** Opening SOURCE DATA block **
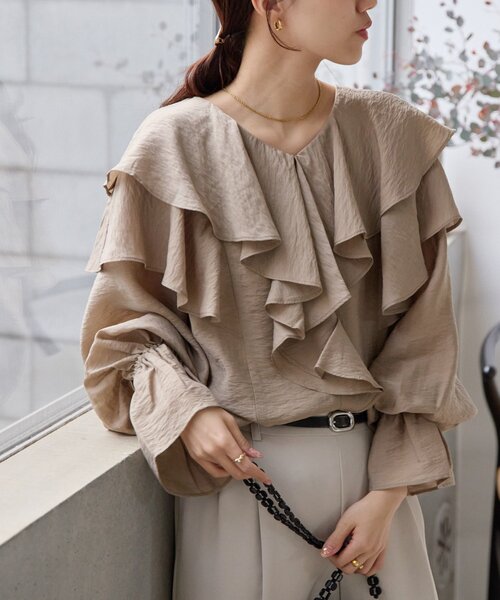 DISCOAT（ディスコート）の「シアーフリルブラウス（シャツ/ブラウス・レディース・ベージュ/ブラック/ホワイト系その他/サックスブルー・FREE）」の3枚目の写真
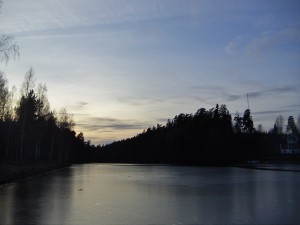 Bruksdammen vid solnedgången ikväll.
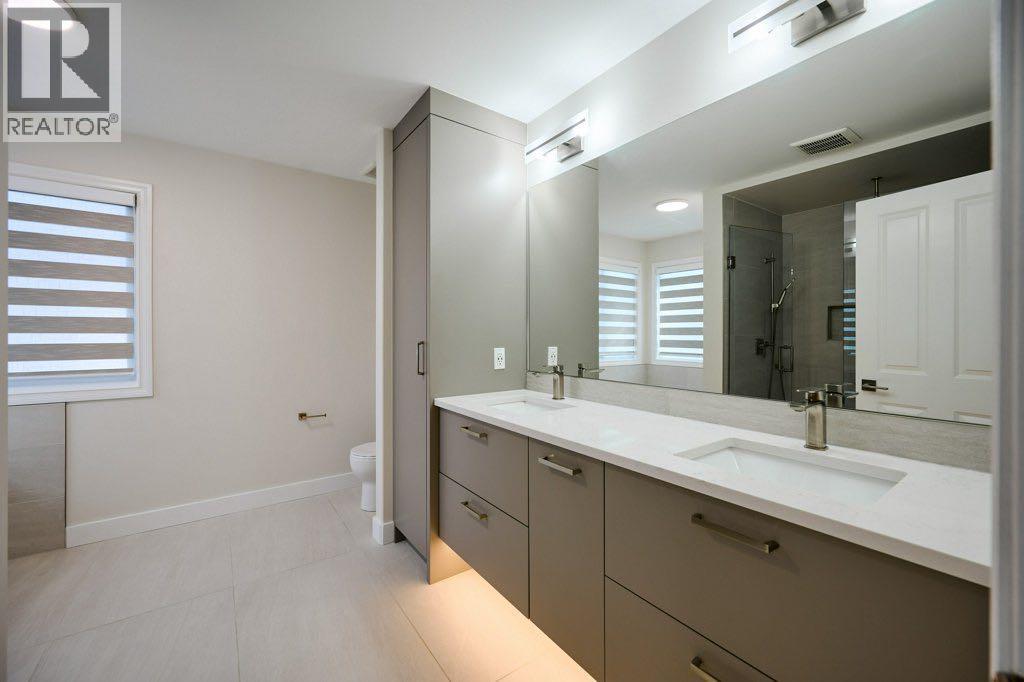 Single Family House for Sale in  Royal Oak Manor NW Royal Oak Calgary 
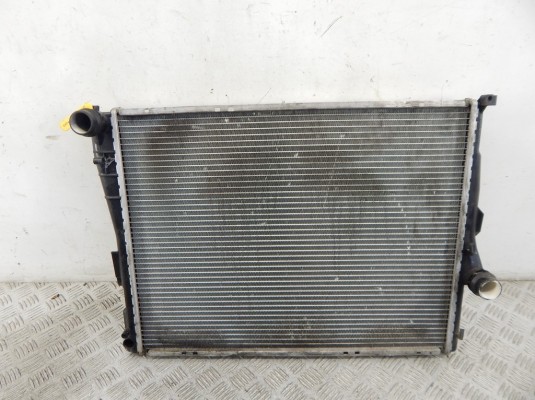 Радиатор (основной) BMW 3-series (E46) Радиатор (основной) BMW 3-series (E46)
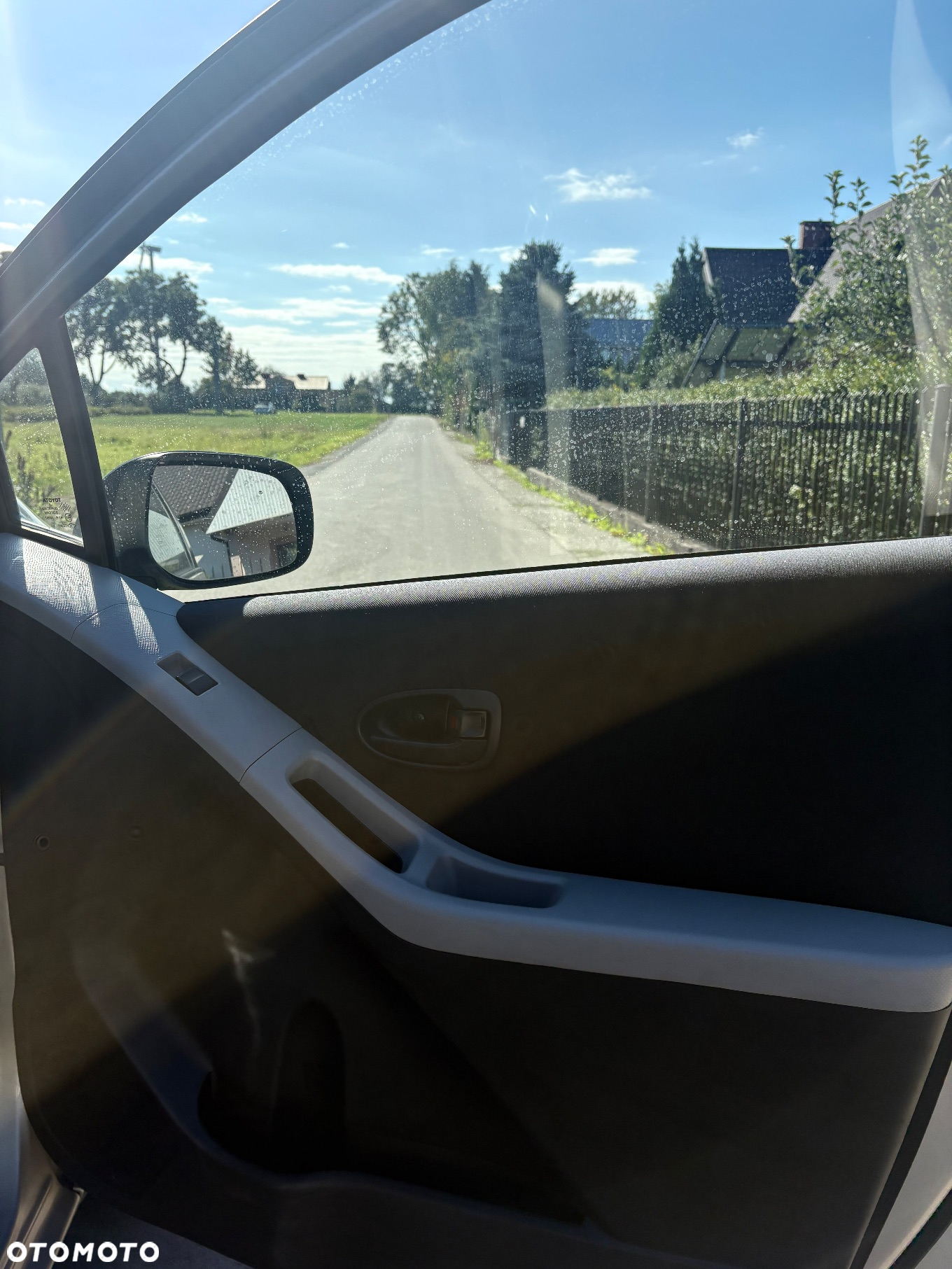 Toyota Yaris - 15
** Closing SOURCE DATA block **
WORK ORDER
All entries need to be duplicated exactly, apart from the images.

ANSWER
 DISCOAT（ディスコート）の「シアーフリルブラウス（シャツ/ブラウス・レディース・ベージュ/ブラック/ホワイト系その他/サックスブルー・FREE）」の3枚目の写真
 Bruksdammen vid solnedgången ikväll.
 Single Family House for Sale in  Royal Oak Manor NW Royal Oak Calgary 
 Радиатор (основной) BMW 3-series (E46) Радиатор (основной) BMW 3-series (E46)
 Toyota Yaris - 15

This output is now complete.